Every year we go through this: is that a yam, or a sweet potato? None of us can remember, and the grocery stores are hardly helpful. I have seen the same grocery store label the same thing either "yam" or "sweet potato," seemingly according to the whims of whoever last stocked the produce department.
I don't know about your family, but every year the "yams vs sweet potatoes" debate is second only to discussions of "second cousin vs cousin twice removed." No one can remember the rules for either, but both sides end up discussing it endlessly.

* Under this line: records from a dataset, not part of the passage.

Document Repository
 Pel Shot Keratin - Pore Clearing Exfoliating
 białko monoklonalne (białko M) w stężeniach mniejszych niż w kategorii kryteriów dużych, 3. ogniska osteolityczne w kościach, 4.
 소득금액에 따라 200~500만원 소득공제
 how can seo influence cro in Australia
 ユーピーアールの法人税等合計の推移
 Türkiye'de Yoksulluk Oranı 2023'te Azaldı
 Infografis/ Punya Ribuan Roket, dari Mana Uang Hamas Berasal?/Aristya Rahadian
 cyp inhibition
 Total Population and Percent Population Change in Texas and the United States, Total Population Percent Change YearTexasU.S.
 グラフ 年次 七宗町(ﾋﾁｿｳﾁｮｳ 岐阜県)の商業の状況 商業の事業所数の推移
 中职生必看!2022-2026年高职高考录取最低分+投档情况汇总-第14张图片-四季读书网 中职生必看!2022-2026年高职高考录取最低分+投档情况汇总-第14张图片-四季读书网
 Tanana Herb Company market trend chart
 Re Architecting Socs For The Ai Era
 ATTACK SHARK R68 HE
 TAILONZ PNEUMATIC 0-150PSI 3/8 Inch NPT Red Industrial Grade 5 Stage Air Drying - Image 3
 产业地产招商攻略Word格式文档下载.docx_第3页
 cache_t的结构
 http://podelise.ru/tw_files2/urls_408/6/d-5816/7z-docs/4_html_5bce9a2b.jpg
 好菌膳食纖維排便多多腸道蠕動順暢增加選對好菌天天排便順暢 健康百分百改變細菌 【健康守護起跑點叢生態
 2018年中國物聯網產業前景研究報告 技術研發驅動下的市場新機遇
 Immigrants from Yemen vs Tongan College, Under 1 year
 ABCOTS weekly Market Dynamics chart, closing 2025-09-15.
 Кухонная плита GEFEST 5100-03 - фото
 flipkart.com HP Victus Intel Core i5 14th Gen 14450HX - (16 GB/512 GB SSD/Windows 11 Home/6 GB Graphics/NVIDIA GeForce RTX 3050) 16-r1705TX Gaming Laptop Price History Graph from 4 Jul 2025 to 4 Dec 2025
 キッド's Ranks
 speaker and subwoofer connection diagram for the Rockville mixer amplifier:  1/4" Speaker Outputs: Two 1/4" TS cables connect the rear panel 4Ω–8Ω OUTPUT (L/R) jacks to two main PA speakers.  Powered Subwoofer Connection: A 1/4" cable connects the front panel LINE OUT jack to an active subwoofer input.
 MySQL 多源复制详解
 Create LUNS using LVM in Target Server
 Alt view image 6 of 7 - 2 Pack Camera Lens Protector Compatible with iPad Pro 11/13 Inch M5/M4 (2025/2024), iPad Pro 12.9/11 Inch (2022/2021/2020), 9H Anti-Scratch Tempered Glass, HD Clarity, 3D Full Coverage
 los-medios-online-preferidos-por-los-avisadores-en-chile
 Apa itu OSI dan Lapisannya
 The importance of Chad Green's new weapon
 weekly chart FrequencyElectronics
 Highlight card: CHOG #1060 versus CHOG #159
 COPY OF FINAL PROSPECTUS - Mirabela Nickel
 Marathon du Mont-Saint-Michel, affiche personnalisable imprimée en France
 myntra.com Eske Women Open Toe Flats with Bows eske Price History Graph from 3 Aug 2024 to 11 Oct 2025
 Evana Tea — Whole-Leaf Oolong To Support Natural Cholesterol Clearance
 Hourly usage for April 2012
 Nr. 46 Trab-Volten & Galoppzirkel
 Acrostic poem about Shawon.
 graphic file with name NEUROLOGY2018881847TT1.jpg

This year, let's stop the madness once and for all. (And it IS madness. The Huffington Post put together this flow chart to determine if you're eating a yam or a sweet potato. Unfortunately, there are several sweet potato varieties with white flesh, and several yam varieties with orange flesh. Thus, the flow chart is useless.)
What many Americans do not realize is that, with very few exceptions, we are not eating yams. Sweet potatoes are grown domestically in great numbers, thus 99% of the time what you find at the store is in fact a sweet potato. One exception is canned yams… but even then, it's often actually canned sweet potatoes.
Outside the U.S., yams are the norm. Although they are grown in Asia, Africa, Latin America, and the Pacific islands, the world's largest supplier of yams is west Africa. Africa's yams are shipped all over the world, but it's not cost-effective to ship them to America, given that we have plenty of perfectly good sweet potatoes being grown right here.
The confusion in the States arises from USDA regulations, which label orange-fleshed sweet potatoes "yams," and white-fleshed sweet potatoes "sweet potatoes." Thanks, guys!
The good news is that yams and sweet potatoes, although completely different plants, are virtually interchangeable.